EnLink Midstream (NYSE:ENLC) shares have experienced a brutal selloff. Concerns about falling inflation and a potential recession caused the stock to fall nearly 32% in only two weeks.
We don’t see any fundamental justification for this selloff. ENLC stock is now being offered to investors with the same cash flow outlook but at a bargain price that makes them attractive as a long-term investment.
At ENLC’s current price, the market appears unaware of the strides the company has made in the past few years. First-quarter operating results showed impressive gains in throughput in the regions that matter for ENLC’s cash flow growth, namely, its Permian and Louisiana segments.
These segments have grown throughput from the previous quarter, the year-ago quarter, and from the first quarters of 2020 and 2019. We expect ENLC’s operational improvement to continue as E&Ps increase drilling activity in the Permian and Haynesville. Investors can also benefit from upside in ENLC’s other segments if natural gas and NGL prices remain elevated.
ENLC’s Cash Flow Turnaround
ENLC’s operational improvement has driven financial improvement. Since 2017, its returns on capital and equity have gone from downright poor, as shown below…
…to average for the midstream industry over the past few quarters:
Improving returns have gone hand-in-hand with increasing free cash flow. Over the past four quarters, ENLC generated $485 million of free cash flow and a $289 million cash flow surplus. Combined with the $73 million of cash with which it entered the period and $5 million of asset sales, it paid down $185 million of debt, repurchased $57 million of common shares, and redeemed $101 million of its Series B preferred units while also making a smart $55 million bolt-on acquisition in the second quarter of 2021.
On the company’s current $4.1 billion market cap, its $485 million of free cash flow equates to an 11.8% yield. If, instead, we use full-year 2021 figures, the $578 million of free cash flow it generated that year represents a 14.1% yield on its current market cap.
ENLC’s 2021 and 2022 performance is a far cry from its past, when it sustained a massive cash-flow deficit that it funded by issuing debt and equity. Consider that from 2017 to 2019, ENLC generated a $2.0 billion cumulative cash flow deficit that it funded by issuing $1.5 billion of new debt, $400 million of preferred units, and $140 million of common stock.
The end result of this spending for shareholders by late 2019 was a plunging stock price and a dramatically reduced common dividend.
Nevertheless, the company did manage to grow free cash flow on a per-share basis over this timeframe, as shown by the black line in the chart below.
We expect ENLC’s free cash flow to continue growing over the next few years as its Permian and Louisiana segments’ throughput volumes increase. Importantly, we expect free cash flow to be channeled back to shareholders through dividend increases and share repurchases.
After all capital expenditures, ENLC covers its current $0.45 annual dividend by 2.2-times, ensuring that the current 5.3% yield on its stock is safe.
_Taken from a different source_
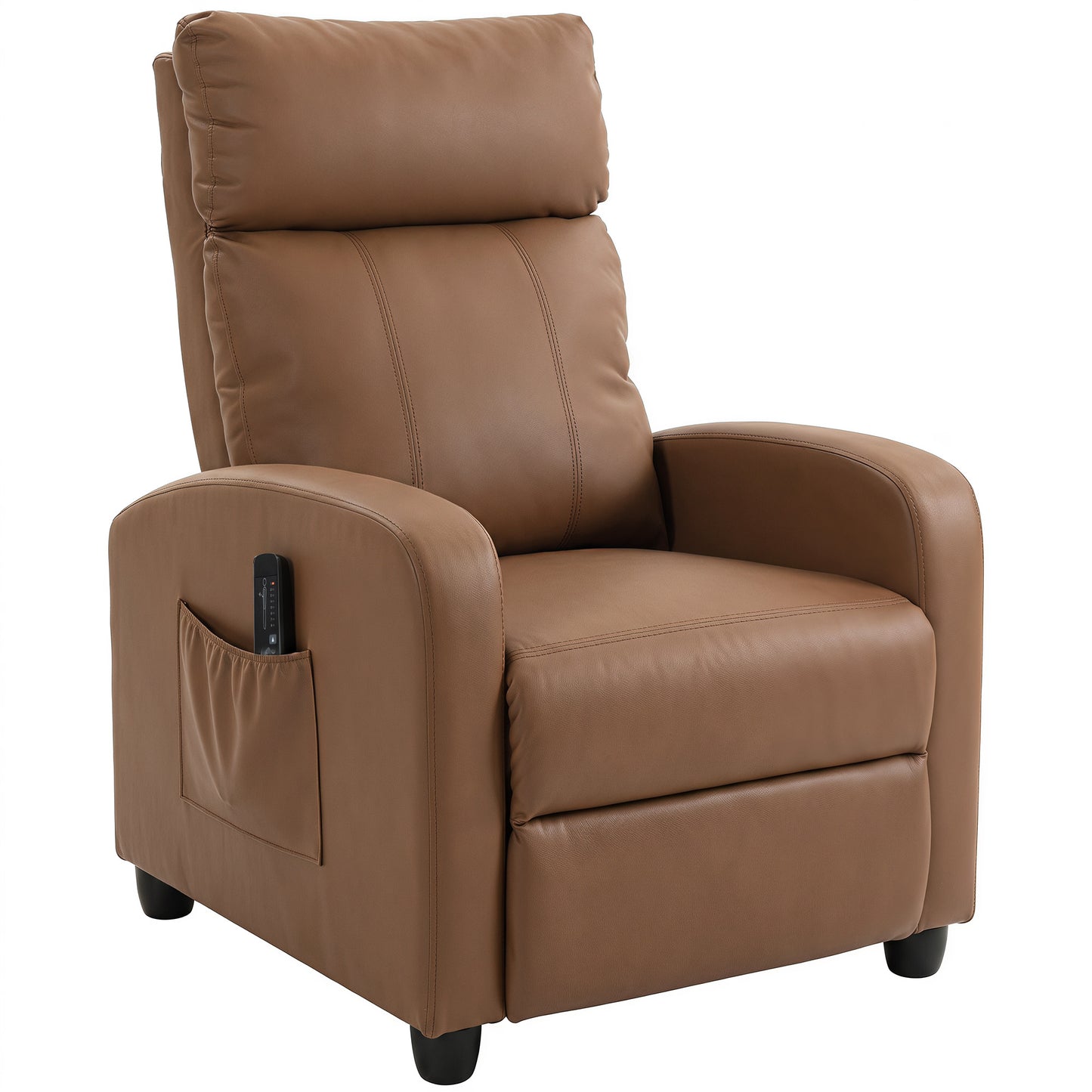 HOMCOM Recliner Armchair, Massage Faux Leather Push Back Reclining Chair with Adjustable Leg Rest, Side Pocket, Dark Brown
If the company paid out all its free cash flow to shareholders over the past four quarters, its dividend would have been $1.00, more than double the current dividend, and the stock would yield 11.8%.
ENLC’s high dividend coverage ratio makes it more likely that the dividend will be increased. The company’s leverage ratio, which stood at 3.8-times at the end of the first quarter, is already below management’s stated target of 3.9-times. Since we expect management to prioritize a cash flow surplus after preferred and common dividends, we don’t expect dividends to be raised to pre-2020 levels. But we expect it to increase significantly from the current level over the coming quarters and years.
We value ENLC shares in the range of $9.00 to $11.50. Our price target is the middle of the range, or $10.25. Our price target implies 20.6% upside from the current price of $8.50.
In our valuations, we assume the company allocates $250 million to debt paydown and approximately $50 million of share repurchases annually in 2022, 2023, and 2024. Debt stays flat thereafter, while repurchases fall to zero. From 2022 through 2026, Adj. EBITDA and free cash flow increase by 3.5% annually, while dividends increase by 5.0%.
Our EV/EBITDA valuation implies an 8.3% total return in 2022 that increases to 81.9% by year-end 2026.
Our valuation using free cash flow multiples implies a 12.3% return in 2022 when dividends are factored in. The implied return increases to 58.4% by year-end 2026.
Our discounted cash flow valuation, which assumes that 2022 free cash flow remains flat for ten years, indicates the shares are worth $11.54, for 36% upside from the current price.
We believe there is upside to our valuation if management allocates capital well. If ENLC’s returns improve, the company’s stock could obtain a higher multiple than the 8-times average that we used in our valuations. Higher dividends could also attract buyers. For instance, if the company were to dividend out 75% of our estimated 2022 free cash flow, the shares would trade at $11.46 to yield 7.5%, which would put the shares at the high end of our valuation range. It would represent 34.8% upside from the current price. We believe the stock could reach this level if repurchases continue when the stock is cheap and/or dividends are increased. Either way, we see far more upside and little fundamental downside for the stock. We currently own ENLC shares in our HFI Research MLPs Portfolio and rate them a Buy.